As a new report from the Tony Blair Institute points out for the UK, the cuts achieved until now were relatively low-hanging fruit such as decarbonising energy, achievable through policy alone. The remaining cuts required to reach net zero will depend far more on behavioural change by individuals. Success relies not just on designing good policy, but on getting the politics right so as to build broad-based support for what needs to be done.

Despite climate change’s ubiquity in news reports, a large share of the population is not well informed about the task ahead. In the UK, for example, more than a quarter of survey respondents have not even heard of the concept of net zero. Those who have often say they do not know much about what it means or requires.

The political and educational task, in other words, is as urgent as the policy task — indeed more urgent since the latter’s success depends on the former.

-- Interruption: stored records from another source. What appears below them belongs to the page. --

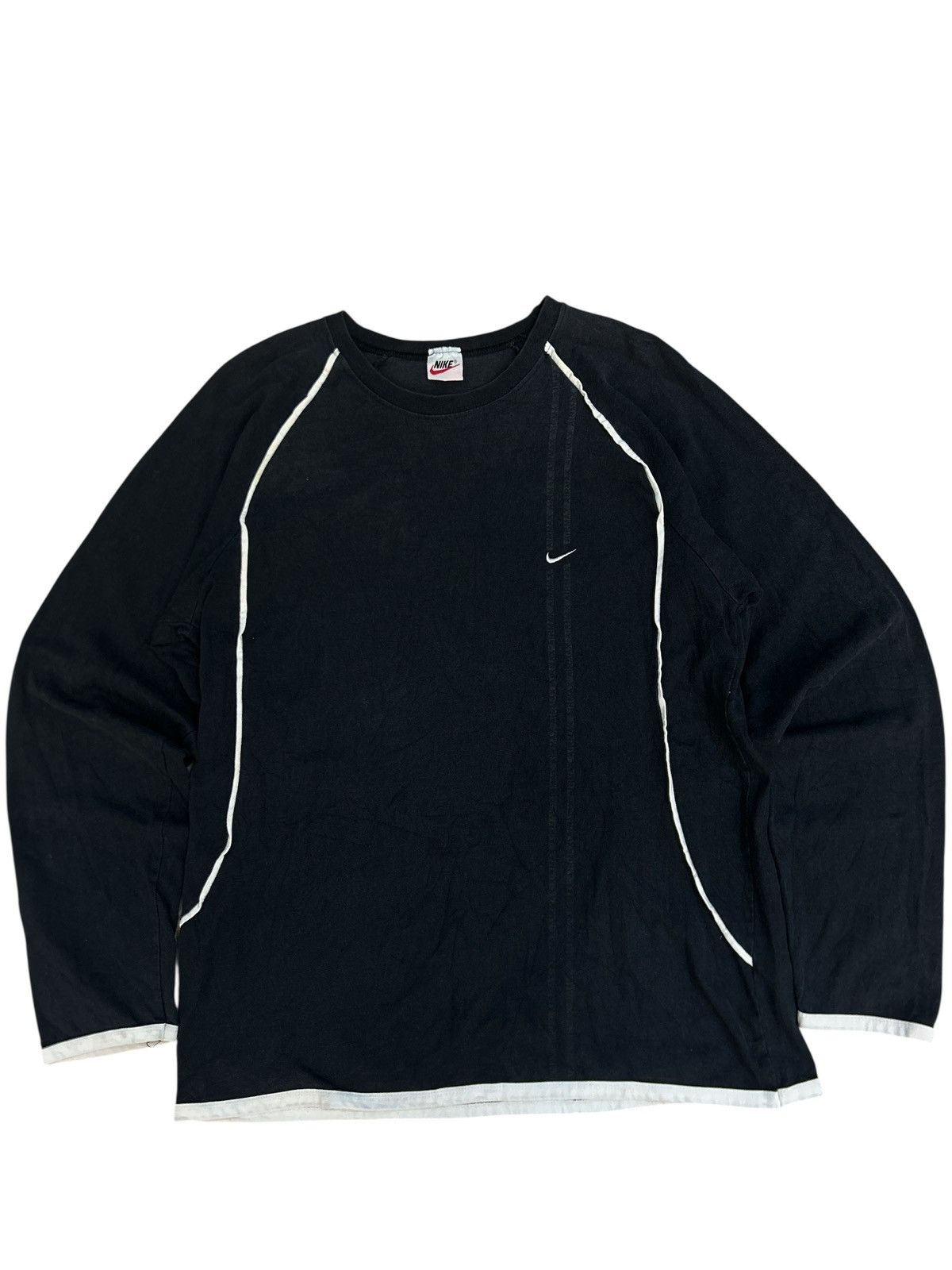 Nike Vintage Nike Air Max Longsleeve Size US M / EU 48-50 / 2 - 1 Thumbnail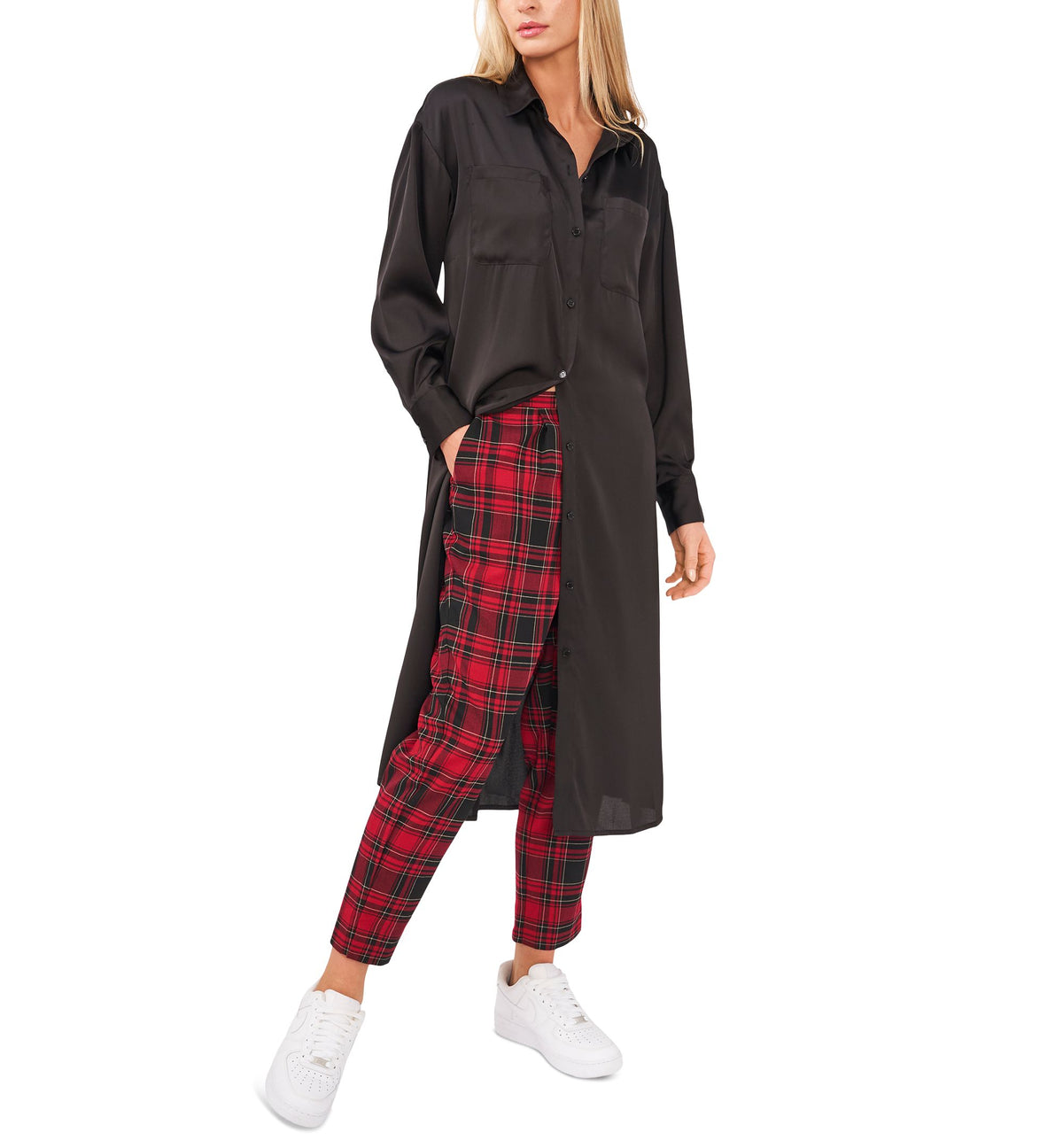 Riley Rae Satin Duster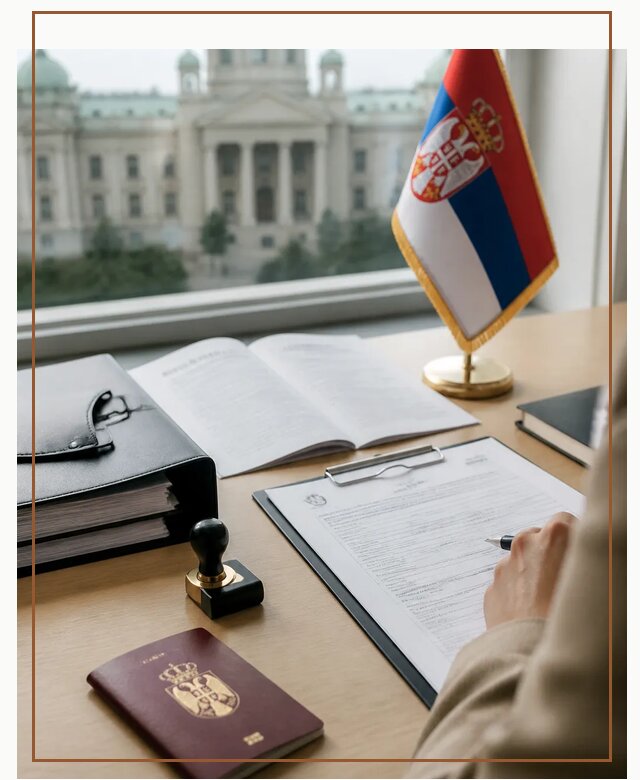Оформление гражданства Сербии под ключ для переезда в Кондопоге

That should not mean, however, trying to convince everyone they must change their lifestyles radically. That is unlikely to work: demands that essentially put the onus on individuals will alienate too many people in an environment of insufficient knowledge about what net zero means and distrust about the intentions of politicians. 

An example of this was the Yellow Vests insurgency in France. Protesters rebelled against the government’s decarbonisation policies not as climate sceptics, but because they distrusted the administration and regarded the policies as unfair. Whether or not those views were justified, the conflict they sparked made effective climate policy that much harder.

Adopting a moralising tone and appealing for radical lifestyle change may be unnecessary, as well as pragmatically unwise. As the TBI report points out, the most significant actions individuals will have to take involve adopting electric vehicles and emissions-free home heating — in other words, decarbonising the way we live rather than giving it up. If this is achieved, net zero may be compatible with modest reductions in activities such as travel and meat eating.

Some particularly extreme forms of climate activism — such as the millenarian radicalism embodied by Extinction Rebellion — have raised awareness. But by doom-mongering, rather than providing practical guidance, their work risks alienating often well-intentioned individuals and could even be counterproductive to the cause of climate change mitigation.

Instead, the message politicians must communicate is twofold. First, emphasise the facts: climate change is an urgent threat, it requires all of us to act — but if we act together, the sacrifices are far from prohibitive. Second, acknowledge that people will need help to take the right choices — and ensure that it is forthcoming. A consensus around mass adoption of carbon-reducing technologies can be achieved if adoption is rewarded and costless for those at the bottom. The alternatives — insufficient action, or calls for asceticism — will lead to division and failure. Climate change is too important to be lost to culture wars.